> Task brief
Reproduce only this stretch of the listing below: from the line with "IEFIEL Maillot de" through the line with "Adapter USB 3.0", exactly as written, with pictures excluded.

> Records supplied

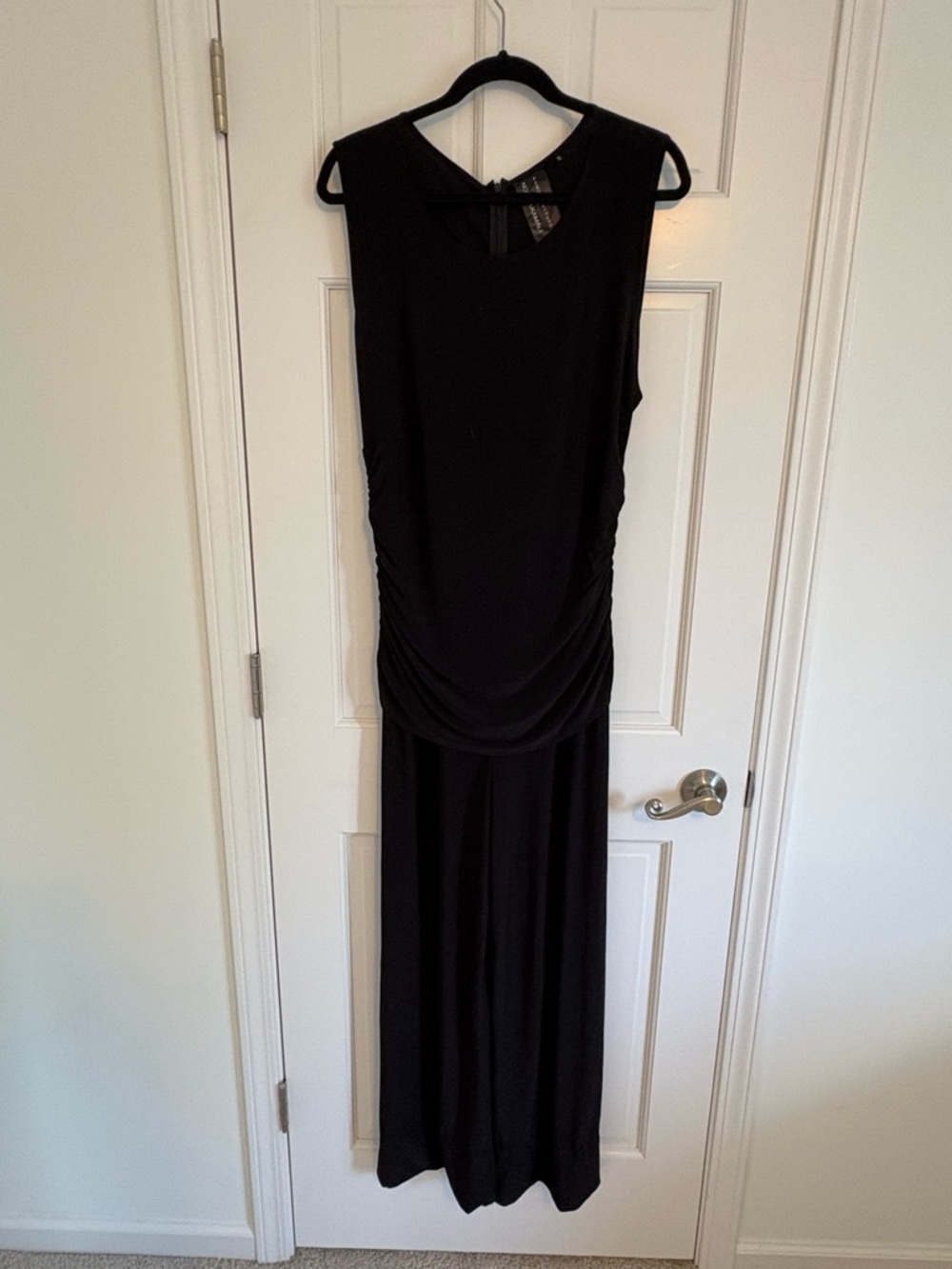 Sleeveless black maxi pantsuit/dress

---

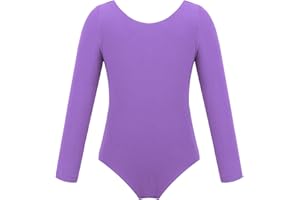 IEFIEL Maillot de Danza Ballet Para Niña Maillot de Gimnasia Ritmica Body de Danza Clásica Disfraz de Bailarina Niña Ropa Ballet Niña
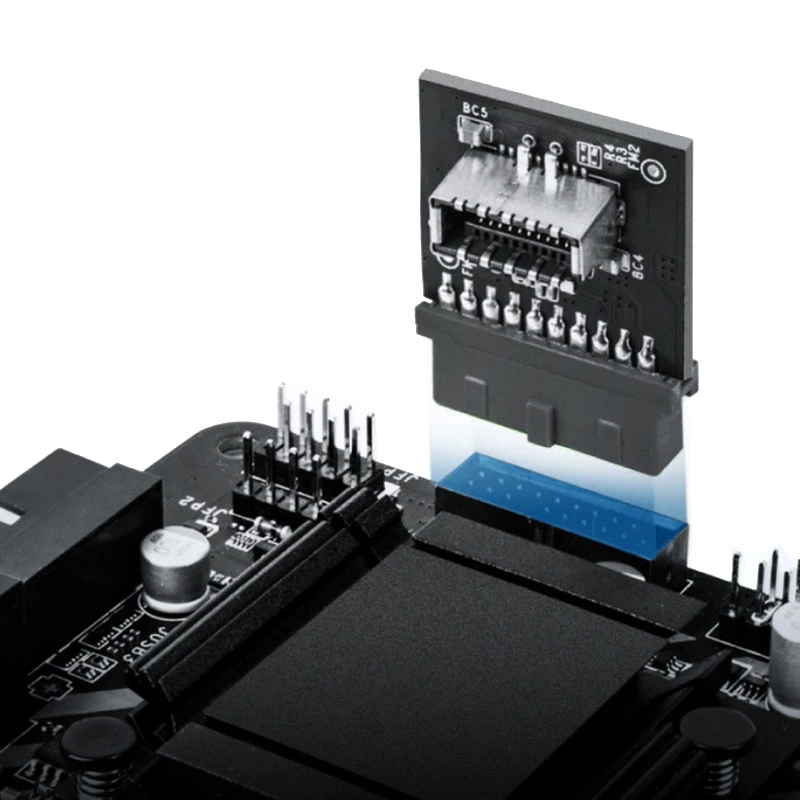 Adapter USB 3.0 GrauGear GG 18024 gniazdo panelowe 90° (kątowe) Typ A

> Worked solution
 IEFIEL Maillot de Danza Ballet Para Niña Maillot de Gimnasia Ritmica Body de Danza Clásica Disfraz de Bailarina Niña Ropa Ballet Niña
 Adapter USB 3.0 GrauGear GG 18024 gniazdo panelowe 90° (kątowe) Typ A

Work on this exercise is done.